Deep under the ground (or, more likely, at the back of the school computer lab), National Selfie Day had the internet meme miners working double-time too. They were predictable enough in their approach to the subject – it's a corrosive narcissism: you should be ashamed of yourself – but there were one or two gems chiselled out of the rock. My favourite was the split-screen meme showing, on the left, a NASA astronaut, and on the right, a pouting young woman in a shiny public loo. “Went to the moon, took five photos,” says the first caption. “Went to the bathroom, took 37,” runs the other.

A first-class whine

IF you've ever baulked at the lack of leg room on a budget airline – you'll be lucky if the “pitch”, the best measure of distance, is more than 30 inches – spare a thought for the poor souls forced by fame or phenomenal wealth to fly first class on British Airways.

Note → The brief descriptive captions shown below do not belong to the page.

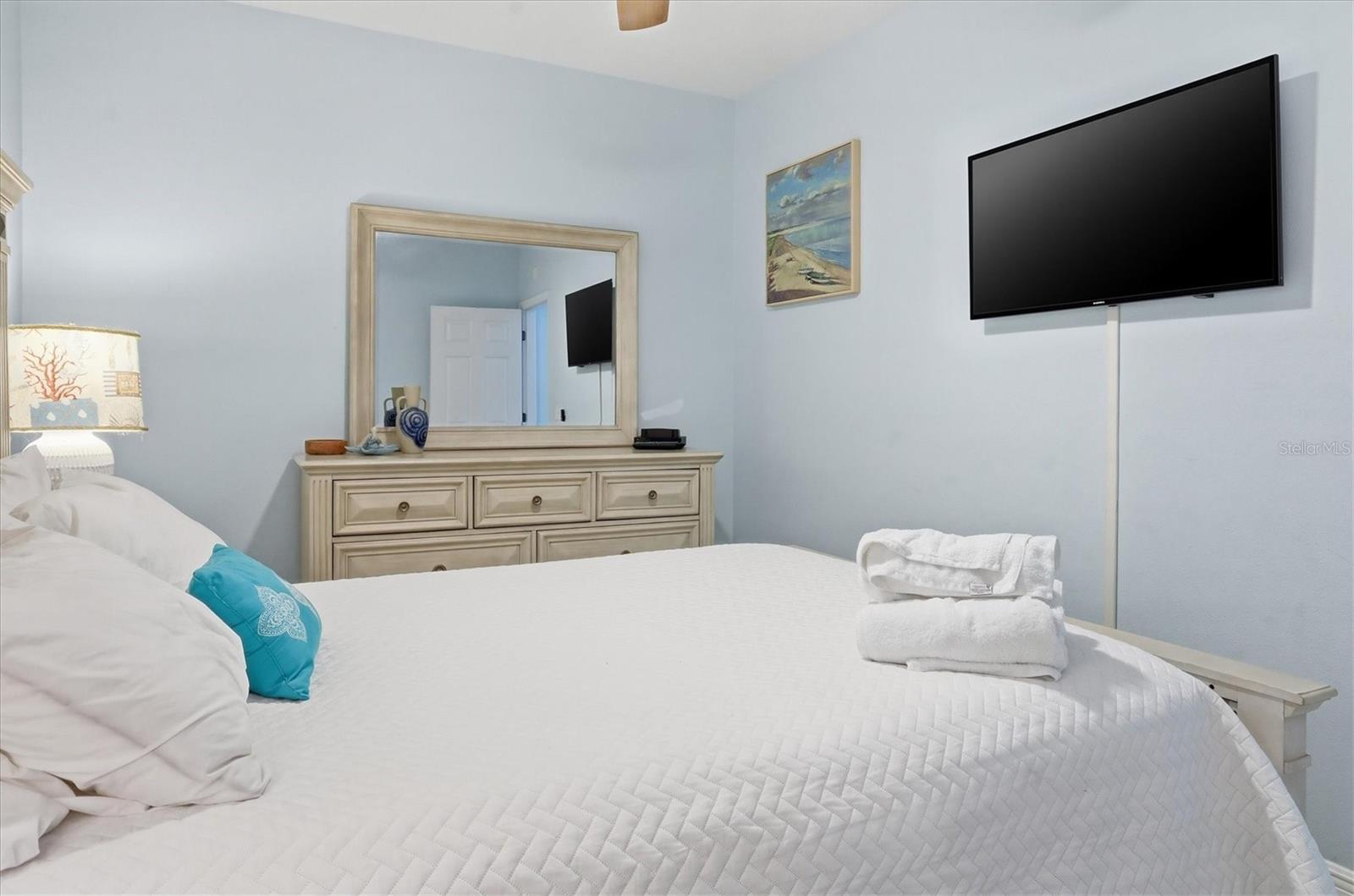 1900 GULF DR N #4, BRADENTON BEACH, FL, 34217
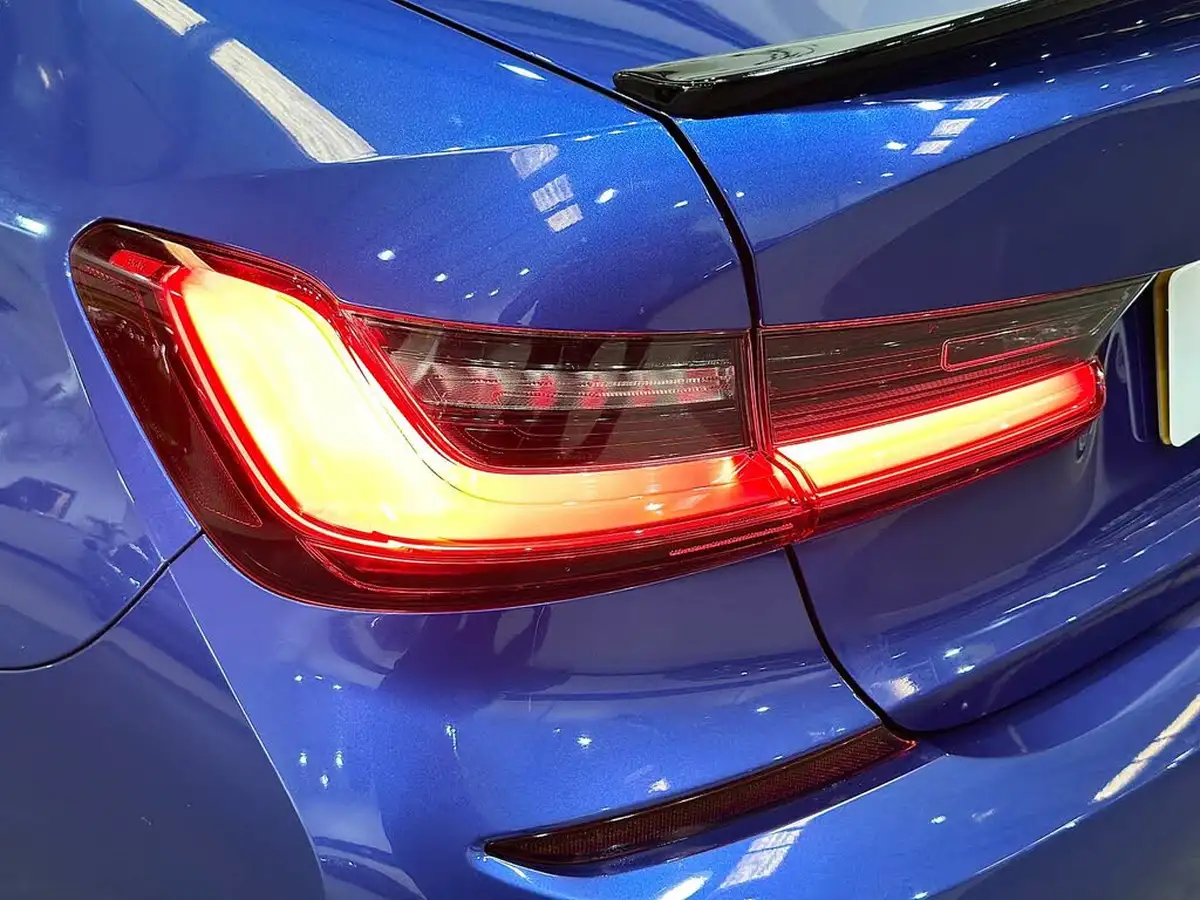 2020-bmw-3-series-20-330e-m-sport-tech-pack-saloon-4d-big-63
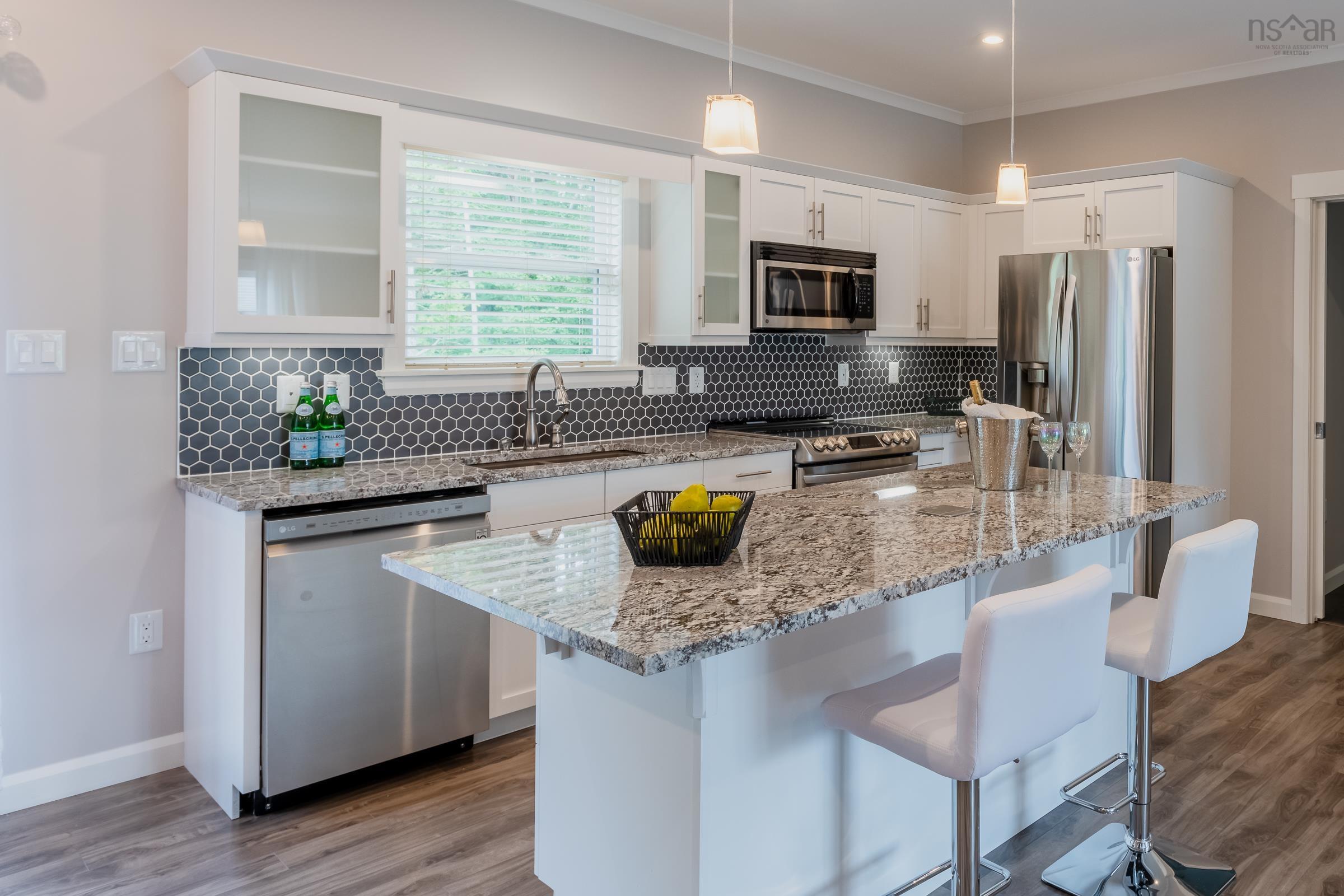 $384,900.00: 277 HAVEN Drive, Bridgewater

Brian May, badger-loving guitarist in 1970s rock group Queen, is one such unlucky punter. “As soon as I'm up there above the clouds, I feel lucky and excited – like a kid on a treat,” he wrote recently, in what could have been an unused lyric from an unreleased solo project but was actually part of a blog post in which he railed against the configuration of BA's first class cabin.

As with Queen's Bohemian Rhapsody, there's lots of piffle to get through before you reach the good bit so I'll spare you his thoughts on experiencing “the perfect sequential stereo picture as the plane surges forward” and “the ever-changing wonders of the planet”, and bring you to the meat of the complaint: it wasn't the leg room that bothered him so much as the lack of view.

May likes to look out of the window, you see, but now all his £10,300 one-way ticket gets him is a huge reclining sofa thing “about three feet from the window and so low down all you can see from your seat is a small patch of sky. It's boring … Even if you make an effort to clamber closer to the window to get a better view you're totally thwarted. They've put all sorts of junk between the seat and the window – a table, a ledge, an annoying cubbyhole which holds almost nothing – and finally – a massive inner screen containing the blinds which stops you getting any closer than nine inches to the actual window. It completely sucks.”

I'm sure it completely does suck. Still, on the upside you don't have three heavily-tattooed hen party toughs behind you kicking the seat-back and burping the tune to Ed Sheeran's Galway Girl. Do you?